→ **TASK STATEMENT**
Recreate the listing that follows line for line, without pictures.

→ **SUPPLIED INFORMATION**
=== Section Start ===
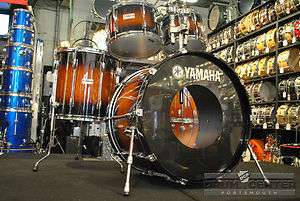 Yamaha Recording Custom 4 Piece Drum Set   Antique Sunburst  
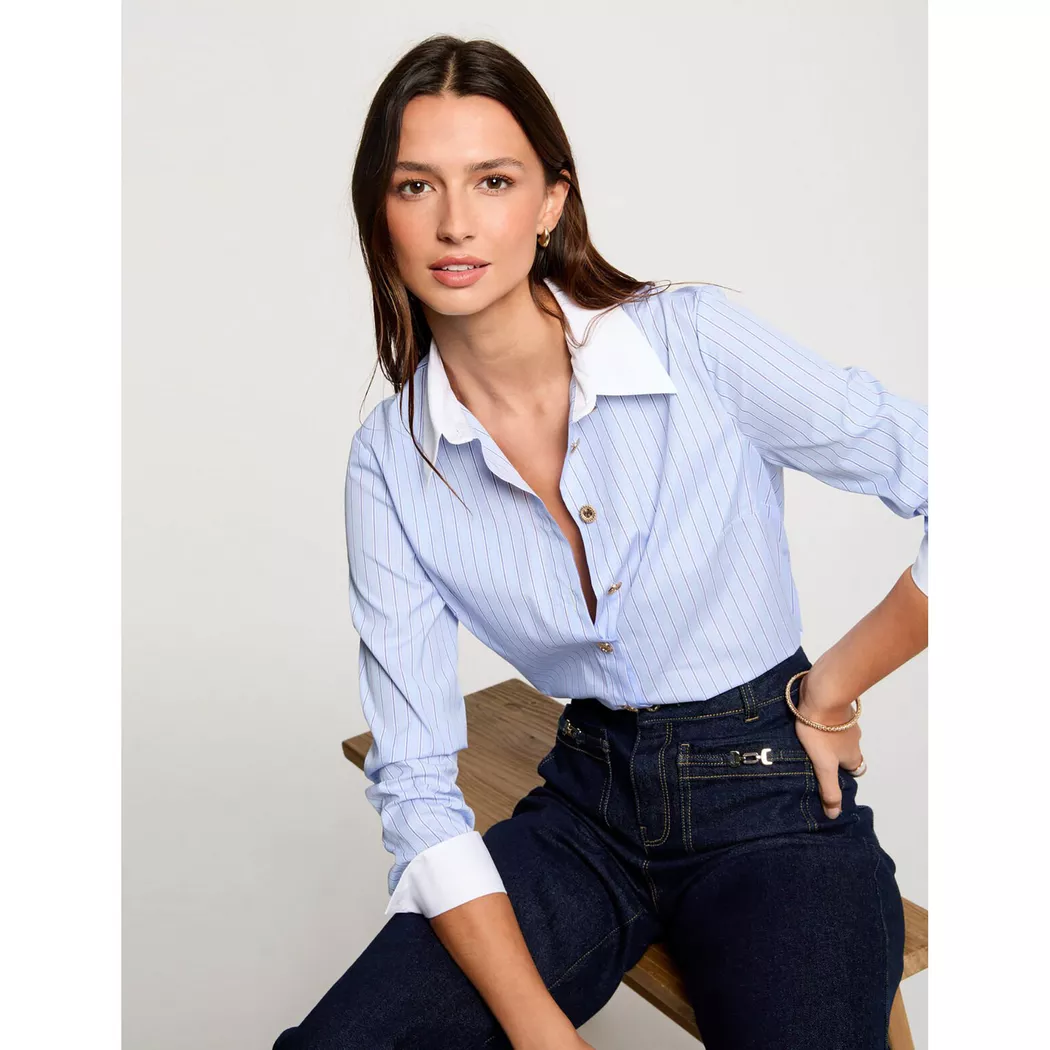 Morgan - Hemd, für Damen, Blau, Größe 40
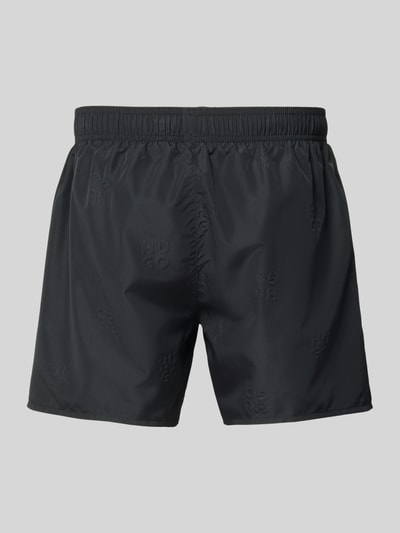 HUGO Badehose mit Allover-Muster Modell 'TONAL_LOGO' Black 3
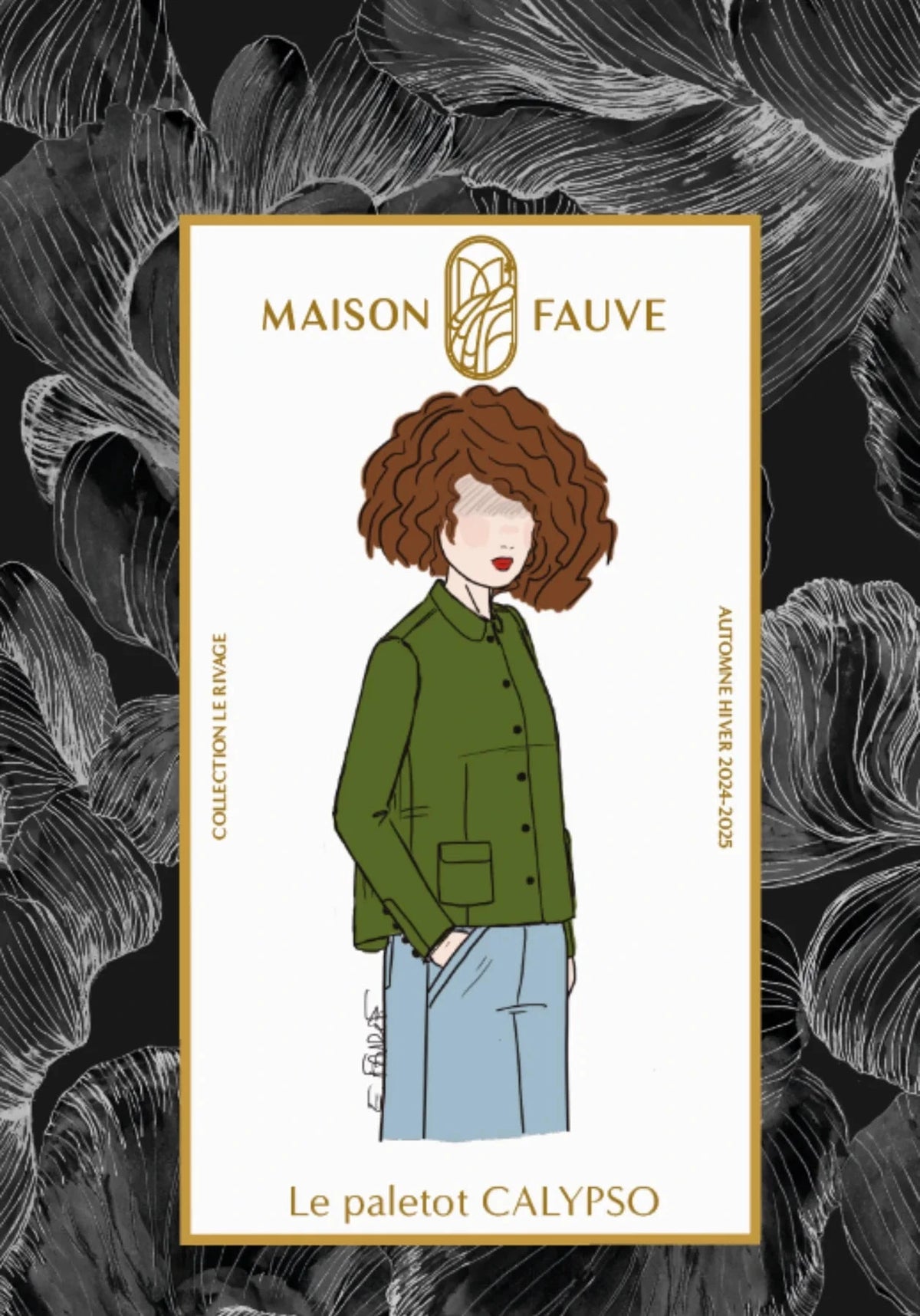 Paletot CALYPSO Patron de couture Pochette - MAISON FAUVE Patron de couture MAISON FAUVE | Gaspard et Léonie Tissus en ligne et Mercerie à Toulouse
=== Section End ===
→ **YOUR SOLUTION**
 Yamaha Recording Custom 4 Piece Drum Set   Antique Sunburst  
 Morgan - Hemd, für Damen, Blau, Größe 40
 HUGO Badehose mit Allover-Muster Modell 'TONAL_LOGO' Black 3
 Paletot CALYPSO Patron de couture Pochette - MAISON FAUVE Patron de couture MAISON FAUVE | Gaspard et Léonie Tissus en ligne et Mercerie à Toulouse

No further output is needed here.